(Stored entries)
'''

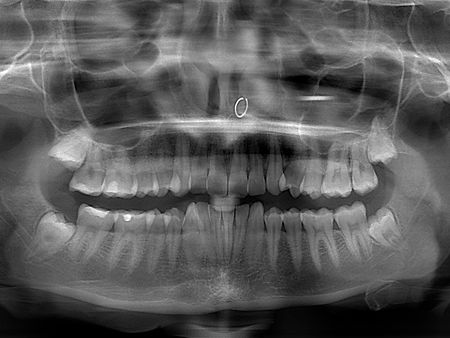 Panoramica-Dental-Clinica-Dental-MiBo-Almeria.jpg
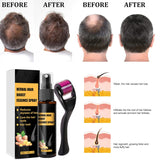 Sada Advanced Hair Growth Treatment Kit 30 ml 2ks Sprej pro růst vlasů Váleček a esence sada pro růst vlasů Sérum na růst vlasů proti vypadávání vlasů Sérum pro pokročilý růst vlasů Péče o vlasy Naty Shop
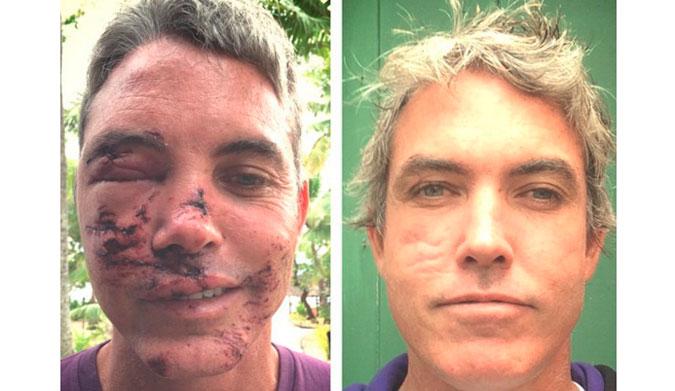 One year later, and all healed up.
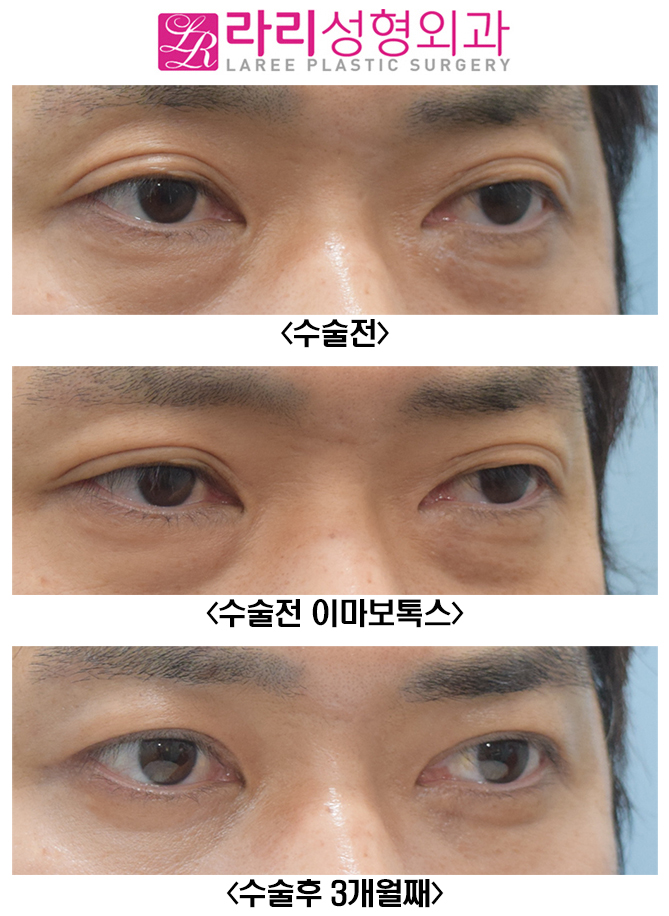 [라리성형외과] 여러겹 쌍꺼풀 제거 관련 이미지 3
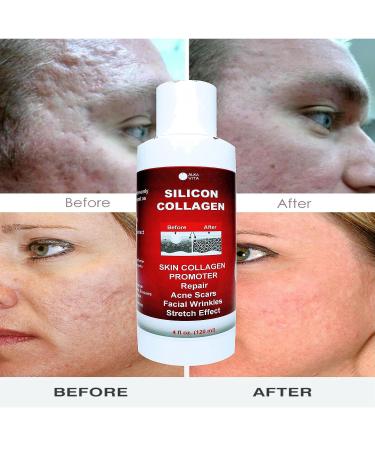 ALKA VITA Silicon & Collagen Gel for Indented Facial Scars - Skin Resurfacing & Collagen Promotion - Buy Online on GoSupps.com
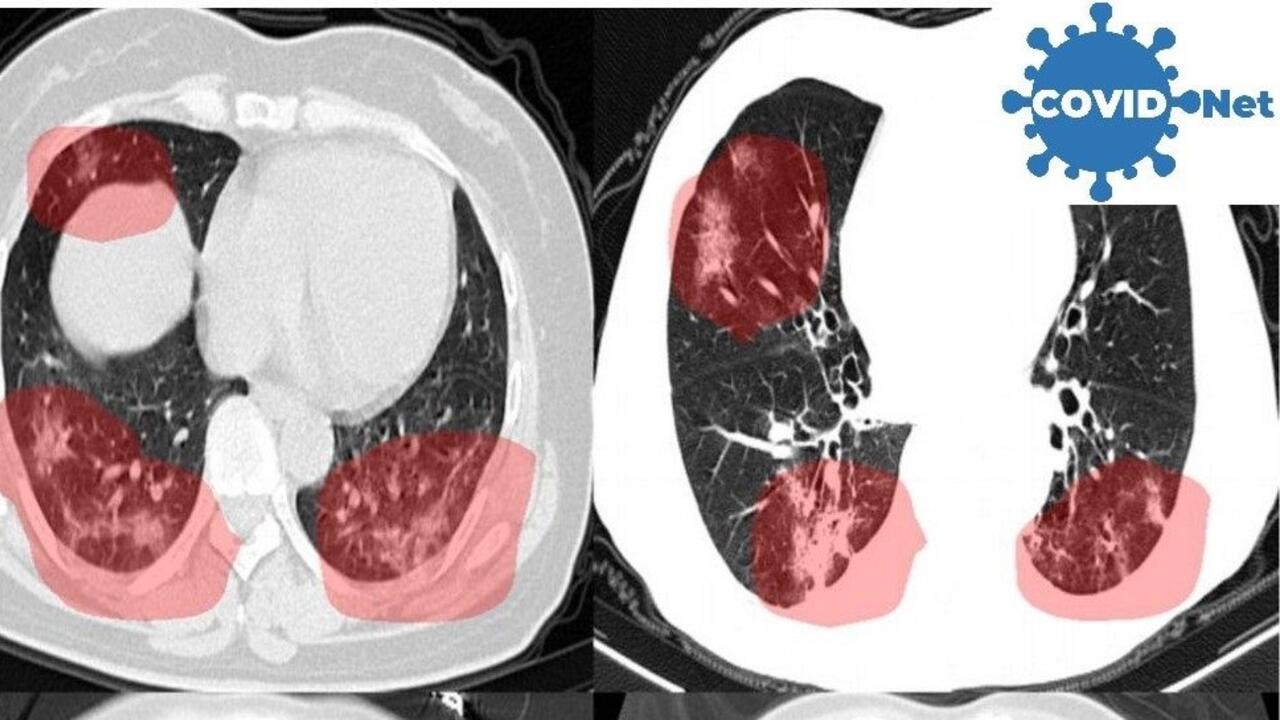 CT scans of lungs, with areas of concern highlighted by new AI software developed to screen for COVID-19.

'''

Task goal:
Output exactly and only the lines from the line containing "ALKA VITA Silicon" to the end of the entries, both included, and omit every picture.

Answer section:
 ALKA VITA Silicon & Collagen Gel for Indented Facial Scars - Skin Resurfacing & Collagen Promotion - Buy Online on GoSupps.com
 CT scans of lungs, with areas of concern highlighted by new AI software developed to screen for COVID-19.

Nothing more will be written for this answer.